Dr John Kyle, a local GP and politician, told The Independent today that many of the teenagers “are enjoying themselves and having a bit of a buzz. They’re out for a bit of sport.”

They experience “the exhilaration that comes to young men”, by confronting police, he said. Many come from “chaotic” homes with problems including excessive alcohol consumption, addiction and high use of anti-depressants and pain-killers.

Some local schools are excellent but others are “very poor, woeful,” he added. “It’s not like the worst New York ghettos but there is significant social deprivation.” Dr Kyle is one of the very few professionals to voluntarily involve himself in the formidable problems of the loyalist inner city. Twenty years as a local GP, witnessing conditions and attitudes at first hand, have given him insight into the mind of loyalist east Belfast.

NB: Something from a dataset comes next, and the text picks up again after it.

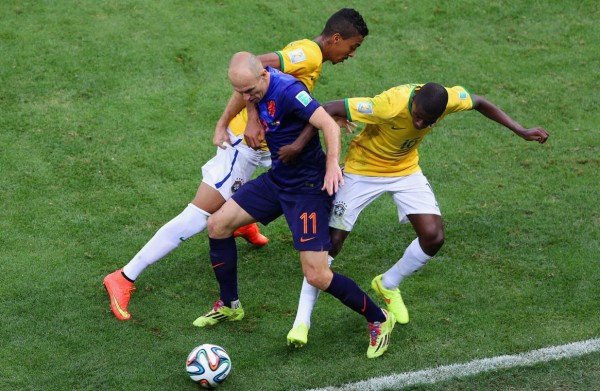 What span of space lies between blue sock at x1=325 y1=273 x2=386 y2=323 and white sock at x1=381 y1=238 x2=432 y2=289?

A committed Christian, he is also one of the leaders of the Progressive Unionist party, which has links to illegal loyalist groupings. He has worked for years to attempt to persuade them away from paramilitarism and into constructive politics.

“The vast majority of people here are annoyed about the flag coming down from the city hall,” he said. “Most of east Belfast thinks it is ridiculous, they think it is wrong, I’ve rarely seen such anger. The majority are protesting peacefully and don’t want to see violence, but there are a number of young people who are quite happy to get involved should violence start.”  But he adds: “The rioting is different to the protests – when the rioting kicks off you get a sort of natural visceral excitement.”

They are mostly teenagers, the majority aged from about 12 years of age to around 22. Most are locals though some, alerted by social media, travel from miles away to join in. “I’ve been there trying to exert a positive influence,” he said “Local churches have been trying to set up diversionary activities but the kids haven’t been interested. They said, “Ach, why would we go and do that when we can go out and riot?’

“I remonstrate with the kids saying cut this out, but it hasn’t worked. A lot of very young people are caught up in it. You’re talking about people who are not politically informed or interested.”

Today Theresa Villiers, the Secretary of State for Northern Ireland, warned the Commons that the riots showed that “sectarian divisions remain deeply entrenched.” She added: “These people are not defending our national flag, they are dishonouring our national flag and our country.”

The restrictions on flying the Union Flag are just the latest in a series of blows to the loyalist culture which include issues such as the curbing of Protestant parading.

He went on: “Loyalists feel that they’re the losers, that they’ve had to give up something and they’ve got nothing in return. That feeds a sense of grievance.”

That belief is part of a toxic mix along with economic and social problems. There is still a paramilitary presence, alongside drug dealers and anti-social behaviour.

And Dr Kyle’s outlook is bleak.  “Even if you achieve a solution to the rioting you’ll still have this grumbling resentment and anger. People really think they’ve been walked over. That’s a boil that needs to be lanced.”